Pero acaso el dato más sorprendente fuera que las primeras noticias de este yacimiento, derivaron de nada menos que todo un medio milenio y se debieron a un soldado que acompañaba al propio Sebastián de Benalcázar, el fundador de San Francisco de Quito, durante las primeras peripecias de la conquista española –también de los primeros conflictos entre los mismos peninsulares– y quien con grandes capacidades de observación, las fue poniendo por escrito.

De ahí resultó una obra que tiene el título algo engañoso de ‘La Crónica del Perú’, bien entendido que aludía prácticamente a toda la vertiente occidental de la Sudamérica de aquellos turbulentos tiempos.

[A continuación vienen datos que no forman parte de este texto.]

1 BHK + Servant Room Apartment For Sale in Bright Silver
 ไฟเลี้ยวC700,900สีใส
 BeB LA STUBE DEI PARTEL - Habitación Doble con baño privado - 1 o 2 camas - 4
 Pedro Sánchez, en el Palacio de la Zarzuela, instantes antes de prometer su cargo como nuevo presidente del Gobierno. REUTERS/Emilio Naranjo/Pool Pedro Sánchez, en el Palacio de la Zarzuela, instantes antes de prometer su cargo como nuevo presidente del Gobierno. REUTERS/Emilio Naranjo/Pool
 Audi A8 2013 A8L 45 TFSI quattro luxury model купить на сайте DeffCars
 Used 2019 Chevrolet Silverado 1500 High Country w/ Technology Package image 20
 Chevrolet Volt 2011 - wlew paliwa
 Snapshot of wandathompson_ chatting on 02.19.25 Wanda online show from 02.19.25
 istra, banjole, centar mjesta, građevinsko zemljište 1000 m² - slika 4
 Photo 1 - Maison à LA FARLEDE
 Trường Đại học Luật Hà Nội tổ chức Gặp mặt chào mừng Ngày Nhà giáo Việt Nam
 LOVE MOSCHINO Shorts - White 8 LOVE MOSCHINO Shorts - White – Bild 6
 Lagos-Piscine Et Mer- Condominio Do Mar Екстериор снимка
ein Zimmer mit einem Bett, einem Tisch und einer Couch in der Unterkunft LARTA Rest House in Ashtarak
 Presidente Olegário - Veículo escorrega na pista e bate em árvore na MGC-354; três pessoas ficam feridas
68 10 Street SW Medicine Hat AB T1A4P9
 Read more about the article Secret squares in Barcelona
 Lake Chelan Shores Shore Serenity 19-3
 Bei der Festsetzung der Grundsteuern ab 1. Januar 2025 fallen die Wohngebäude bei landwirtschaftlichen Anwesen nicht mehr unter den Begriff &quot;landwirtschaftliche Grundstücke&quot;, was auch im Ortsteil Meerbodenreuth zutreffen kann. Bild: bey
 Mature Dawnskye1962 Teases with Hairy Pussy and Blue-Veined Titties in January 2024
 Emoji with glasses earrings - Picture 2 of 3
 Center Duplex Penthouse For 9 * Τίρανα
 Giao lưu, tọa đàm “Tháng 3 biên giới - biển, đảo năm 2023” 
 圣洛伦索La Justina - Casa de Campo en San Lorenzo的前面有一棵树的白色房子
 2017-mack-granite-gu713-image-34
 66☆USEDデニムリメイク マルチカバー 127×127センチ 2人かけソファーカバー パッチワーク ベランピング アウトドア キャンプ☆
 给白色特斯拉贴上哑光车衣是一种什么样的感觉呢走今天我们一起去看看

El autor se llamó Pedro Cieza de León. Había pasado al Nuevo Mundo en el temprano siglo XVI; había servido a las órdenes de Jorge Robledo, por el valle del Cauca, y luego lo hizo bajo el mando de Benalcázar. Un solapista de la colección Austral, dice que en el libro “describe ríos, volcanes, ciudades en grandes y hermosos valles, parándose a pintar usos y costumbres, mujeres de cabellos muy bien peinados y adornados con joyas de oro y hombres valientes que adoran al Sol y hablan con el diablo en la oscuridad”. Inclusive el ‘pacificador’ Pedro de la Gasca al leer el manuscrito, se interesó por él y le ayudó con muchos e importantes datos y documentos.

Pues bien: al llegar hasta el capítulo cincuenta y dos de la ‘Crónica’, el cronista anuncia los temas de los pozos que hay en la punta de Santa Elena, de la venida que según cuentan hicieron los gigantes y del ojo de alquitrán que en ellos está. Lo de los “gigantes” ha sido juzgado por los comentaristas, como huesos “no de seres humanos, sino de mamíferos fósiles extinguidos, que venían asociados con el recuerdo, vago y temeroso, de algún remoto pueblo oceánico, melanesio o polinesio”. Sigue el cronista: “Se ve una cosa muy de notar, y es que hay ciertos ojos y mineros de alquitrán tan perfectos, que podrían calafatear con ellos a todos los navíos que quisiesen, porque mana; y este alquitrán debe ser algún minero que pasa por aquel lugar, el cual sale muy caliente; y de estos mineros de alquitrán yo no he visto ninguno en las partes de las Indias que he andado…”.

La operación de calafatear consistía en mezclar estopa y brea para cerrar las junturas de las embarcaciones de madera y lograr que allí no entrase el agua.